Кто этот Некипелов нам было тогда непонятно, да и песня, рассказывающая о гибельном побеге из ужасной советской действительности прямо с просмотра фильма "Маерлинг", нам казалась образцом духовности. Даже повышенной духовности.
Про Некипелова устно рассказывали старшие товарищи, что он родился в 1928 году в Харбине, но семья его вернулась в СССР, и хоть мать была арестована, он стал военным медиком. Несмотря на это, Некипелов пошёл по кривой диссидентской дорожке, был преследуем советскими карательными психиатрами и умер через два или три года после своей эмиграции, в Париже. В 1989, стало быть, году. Много позже, когда "посев" и "грани", стало для меня чем-то иным кроме сельскохозяйственно-слесарного, я прочитал стихи Некипелова, и они всё время как-то неудобно ложились на душу. Не сказать, что они не задевали меня (хотя, посмотрев фильм "Маерлинг", я нашёл его изрядно пошлым), но дело не в этом. У Некипелова было такое стихотворение о крымском татарине, что был выслан, но решил посетить отчий дом. Но через некоторое время мне стало что-то мешать в этом тексте, какая-то его прямая агитационность — но образы были сильны. Кости там, опять же… А юноша я был впечатлительный.
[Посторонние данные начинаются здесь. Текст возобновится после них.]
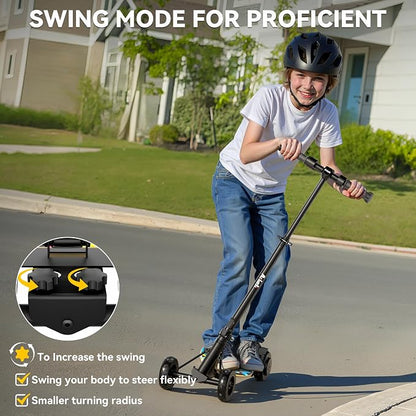 4-Wheel Electric Scooter for Kids w/ 250W Motor, Max 10 MPH & 8.5 Miles, Foldable E-Scooter for Kids with Rainbow Lights, LED Display, 5 Speeds & Adjustable Balance, UL-2272 Certified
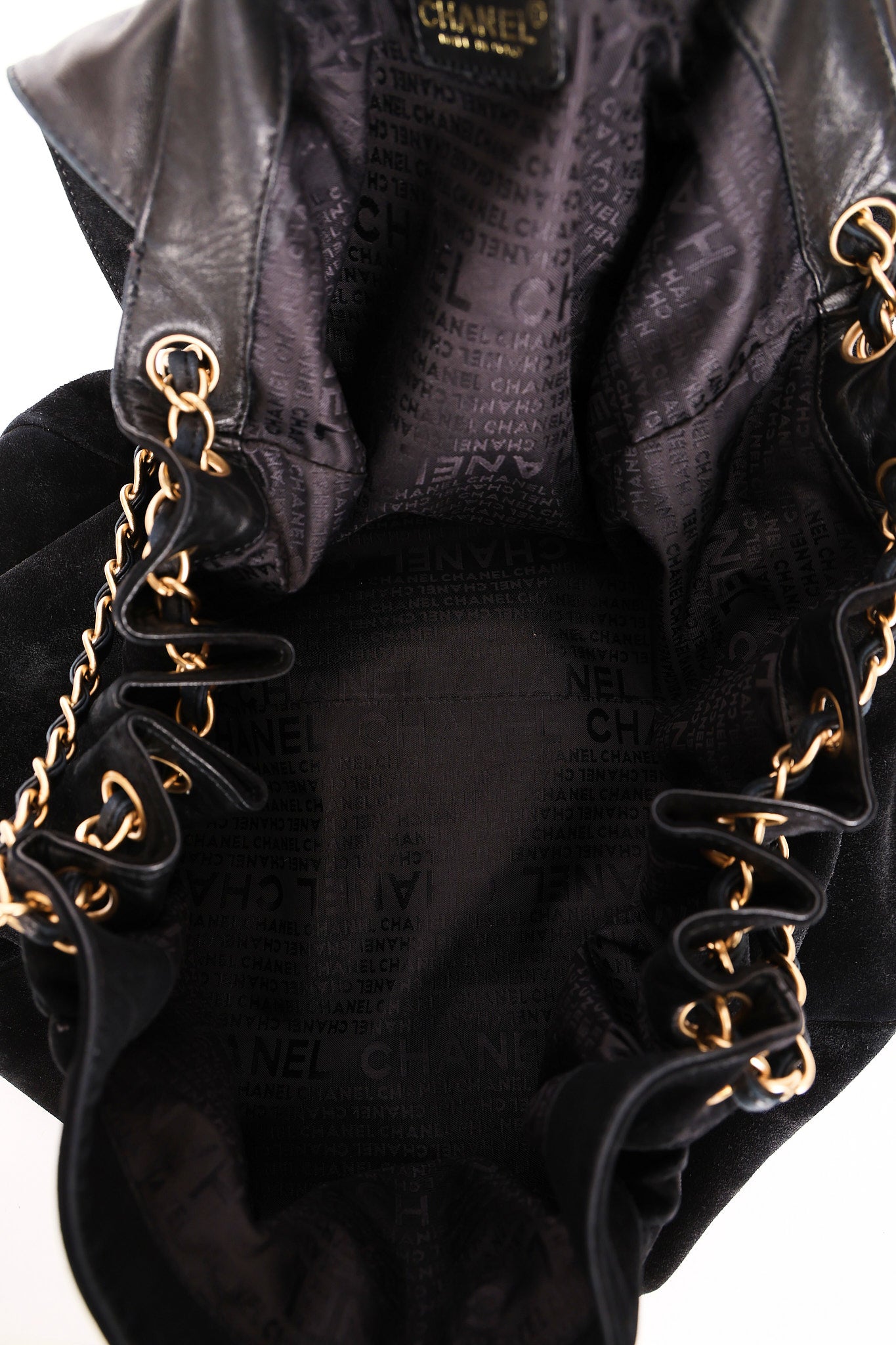 Chanel Accordion Flap Black Suede AGHW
Но вот один человек мне сказал, что никогда татары, ни даже крымские татары не хоронили своих предков в огороде.
Нормальным образом носили на кладбище. А это всё — для красоты. Чтобы пострашнее.
Я — крымский татарин. Я сын этих солнечных гор,
К которым сегодня прокрался украдкой, как вор.
Брюзгливый чиновник, потупивши рыбьи глаза,
Мне выдал прописку… на двадцать четыре часа.
Поклон Аю-Дагу и сизой, туманной Яйле!
Как долго я не был на горестной отчей земле!
Вот дом глинобитный, в котором родился и жил.
Ах, как он разросся, посаженный дедом инжир!
А наш виноградник и крошечный каменный сад,
Как прежде, наполнены праздничным звоном цикад.
Тверды и упруги, темны от дождей и росы,
Как дедовы руки — бугристые мышцы лозы.
Мускат дозревает! Да мне урожай не снимать.
Крадусь по задворкам отцовского дома, как тать.
Вот белый колодезь и тоненький, певчий родник…
В саду копошится какой-то лихой отставник.
Он погреб копает (а может быть, новый сортир?).
Ах, что он наделал — он камень в углу своротил!
Плиту вековую под старой щелястой айвой,
Где все мои предки лежат — на восток головой!
Он думает — козьи, и давит их заступом в прах, —
Священные кости… Прости нечестивца, Аллах!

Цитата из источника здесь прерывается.